# Information provided
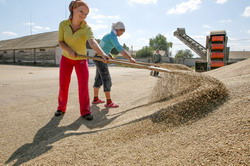 Cooperativele ucraine acceseaza fonduri pentru utilaje agricole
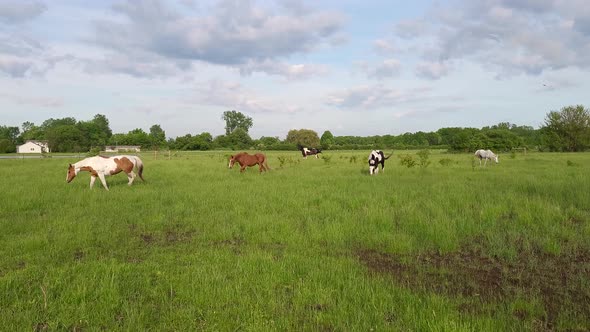 Colorful horses grazing in green vibrant meadow farmland, handheld view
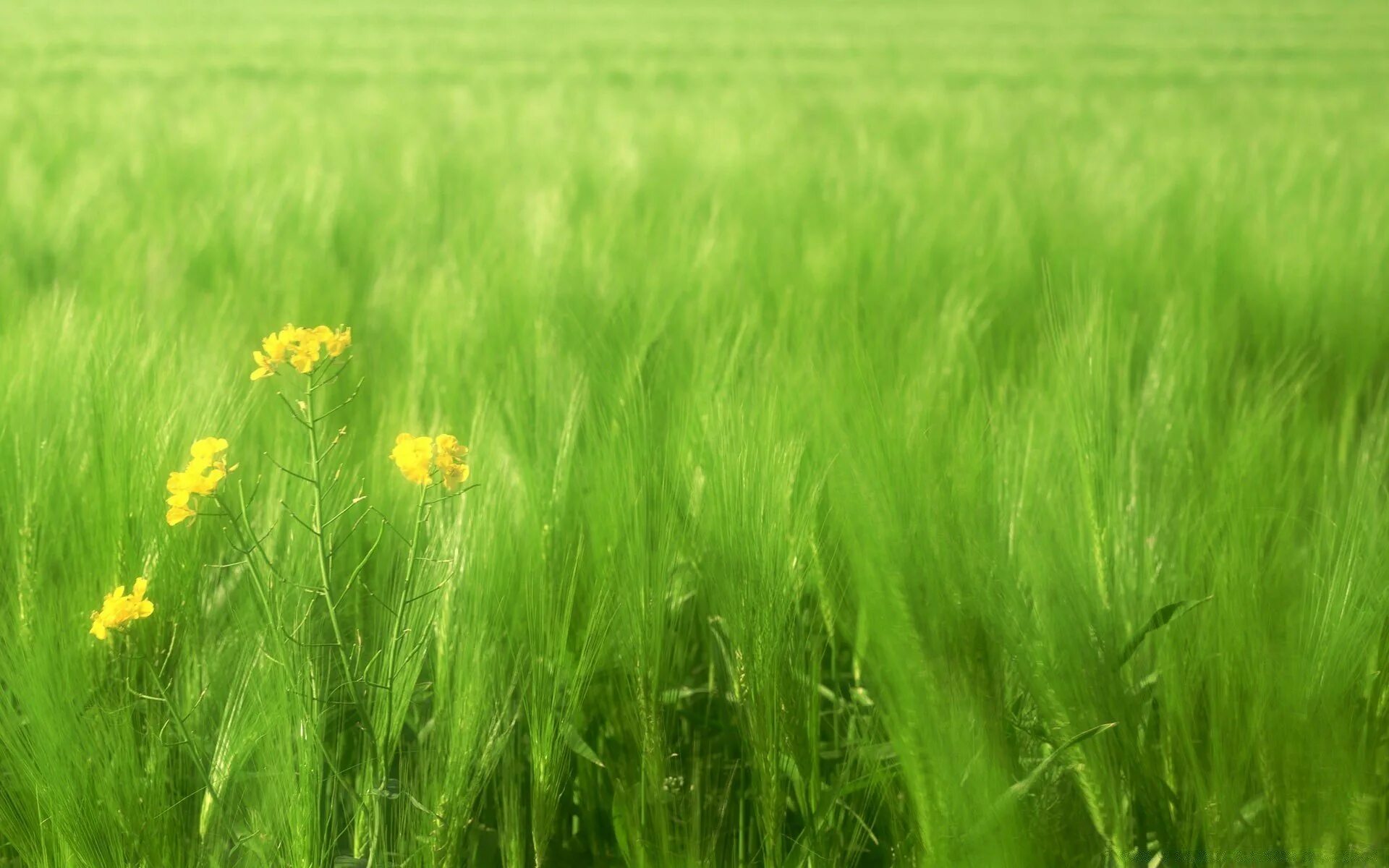 Луг какой зеленый. Трава поле. Трава на лугу. Жёлтая трава на полях. Красивый луг.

# Work order
Every line of the data above should be returned exactly, with the pictures removed.

# Exercise result
 Cooperativele ucraine acceseaza fonduri pentru utilaje agricole
 Colorful horses grazing in green vibrant meadow farmland, handheld view
 Луг какой зеленый. Трава поле. Трава на лугу. Жёлтая трава на полях. Красивый луг.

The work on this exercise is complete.